Exclude every picture. Output verbatim the lines from the one containing "Elizabet online show from 01.15.25" to the end of the data.

■ **RECORDS SHOWN**
»»
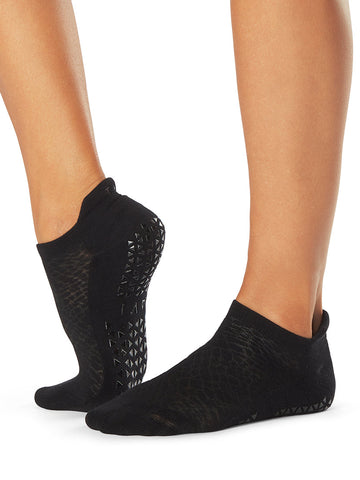 # Savvy Grip Socks | Socks > Grip | Tavi – ToeSox | Tavi | Vooray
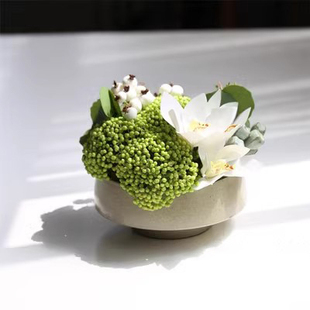 现代简约绿色仿真花艺套装轻奢茶几餐桌假花样板房洽谈桌装饰摆件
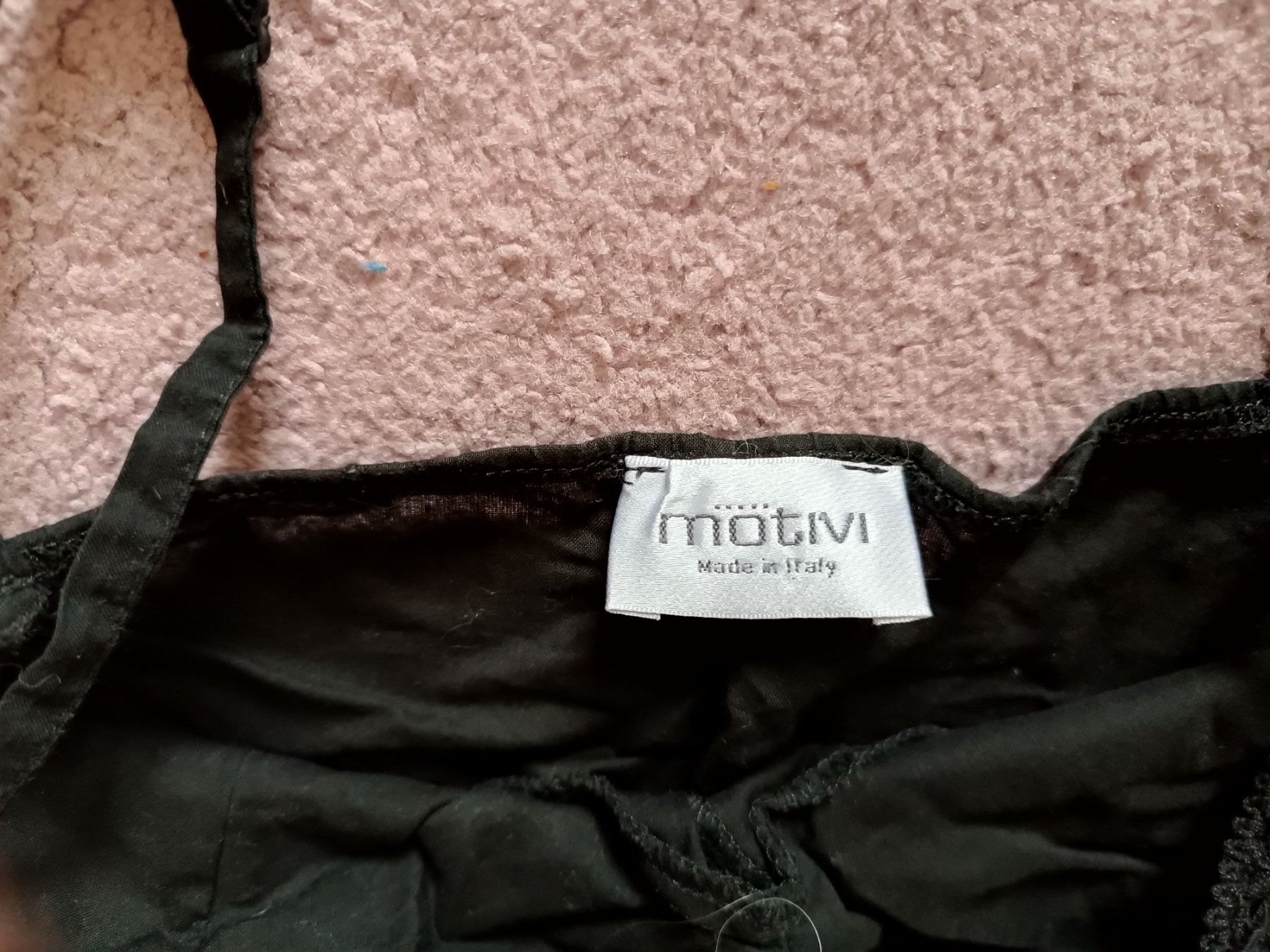 Vestiti: 2 Kleider – Usato da Basel venduto da mon_7m8h 1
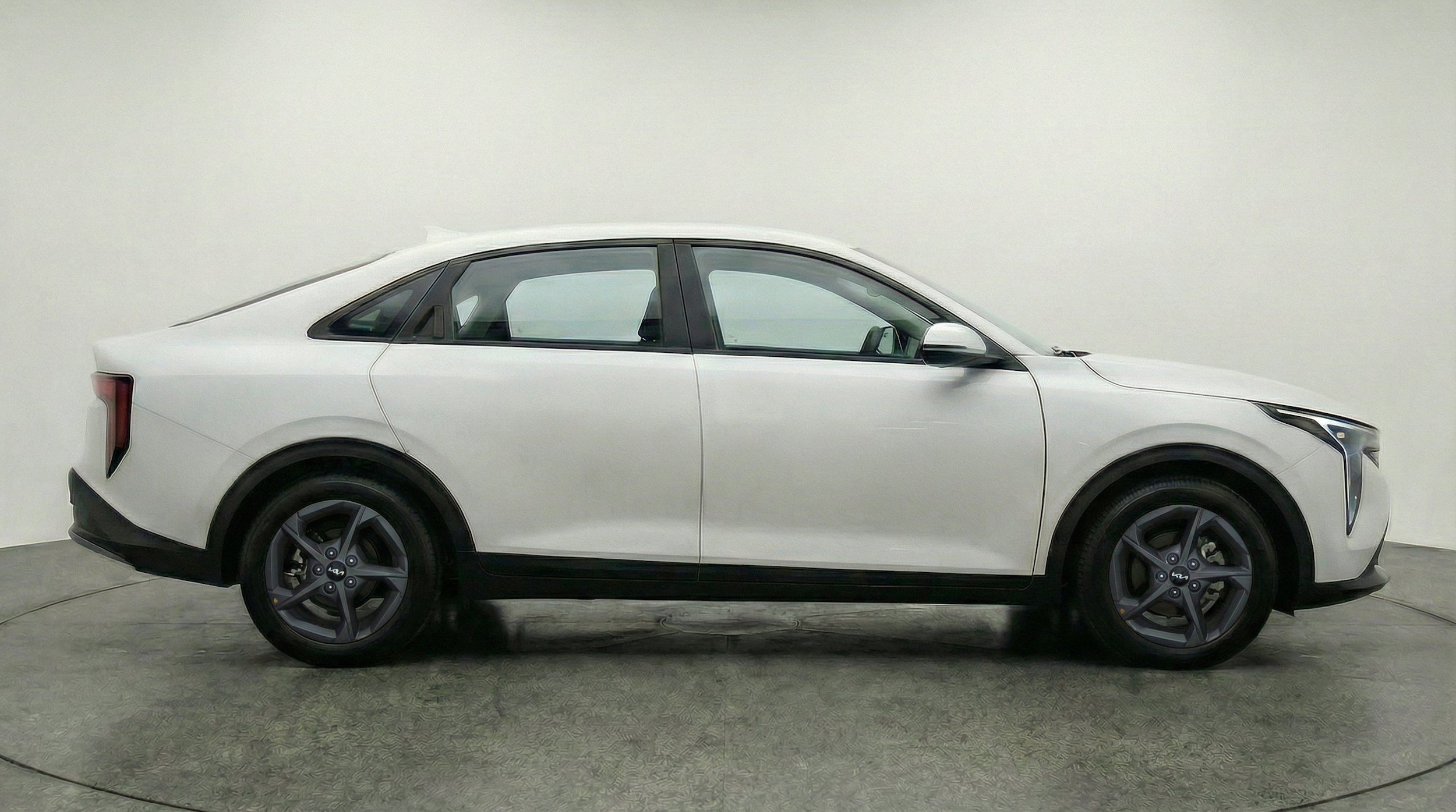 Thumbnail: 2025 Kia K4 - 10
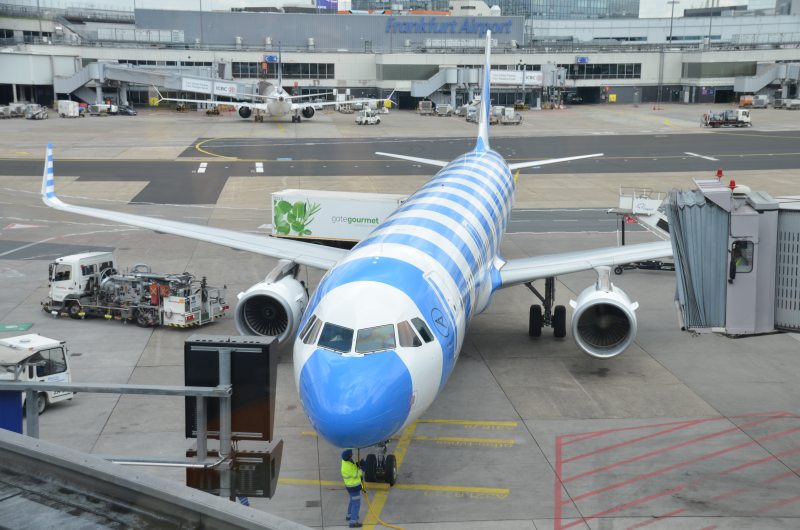 Eine blau-weiß gestreifte Maschine von Condor am Frankfurter Flughafen.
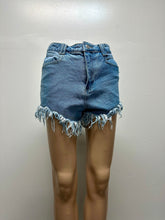 Load image into Gallery viewer, SHEIN Short Size 30
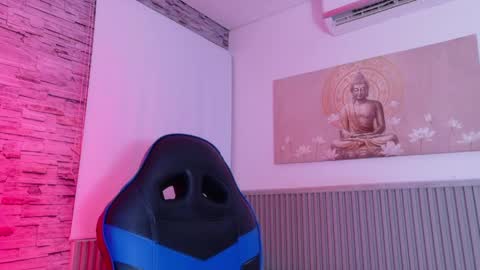 Tom muscle1 online show from 04.07.26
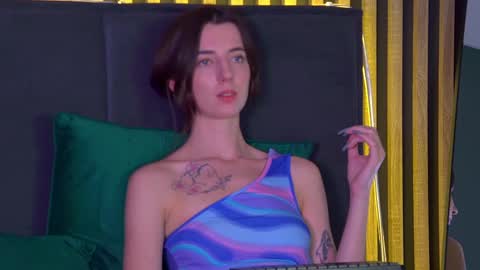 Elizabet online show from 01.15.25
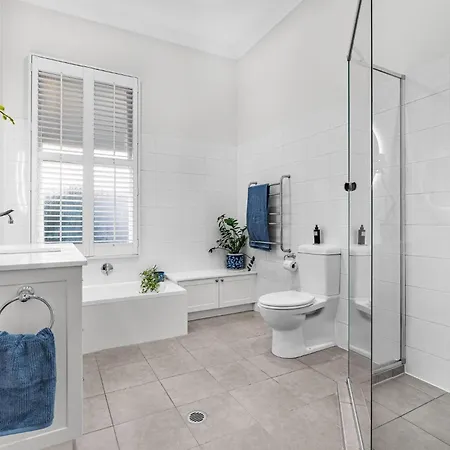 4bdr Queenslander With Pool Near Manly Esplanade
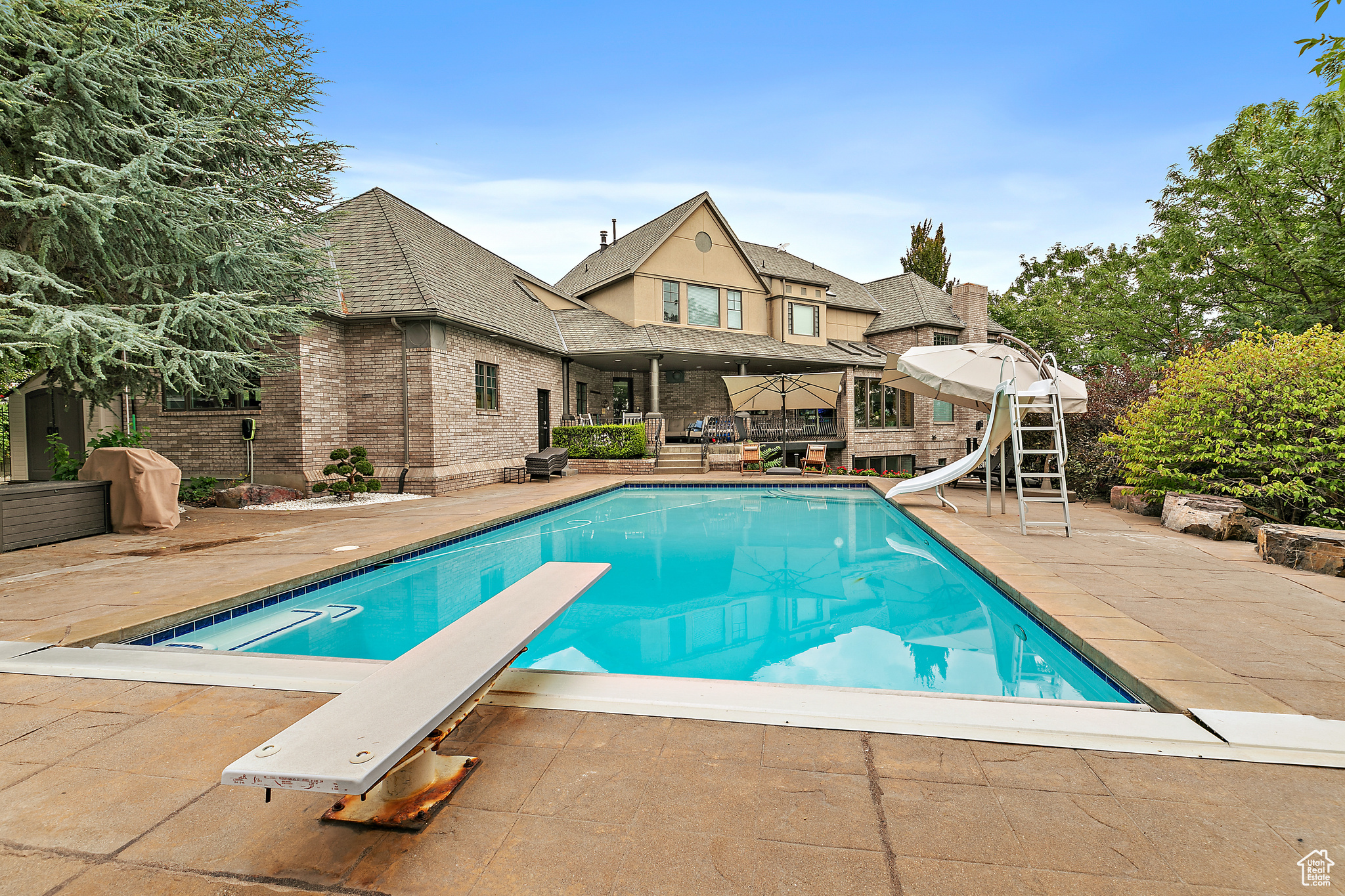 PINNACLE POINTE - Residential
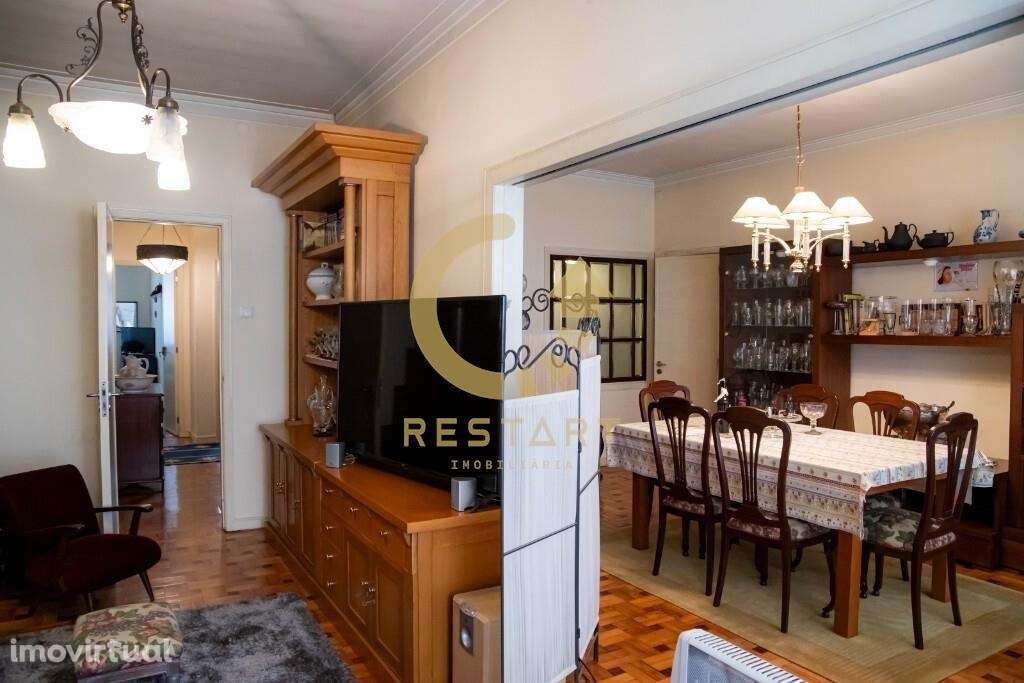 Moradia de Rés-do-chão e 1º Andar com Utilizações Independentes junto - Grande imagem: 5/42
««
■ **ANSWER TO THE EXERCISE**
 Elizabet online show from 01.15.25
 4bdr Queenslander With Pool Near Manly Esplanade
 PINNACLE POINTE - Residential
 Moradia de Rés-do-chão e 1º Andar com Utilizações Independentes junto - Grande imagem: 5/42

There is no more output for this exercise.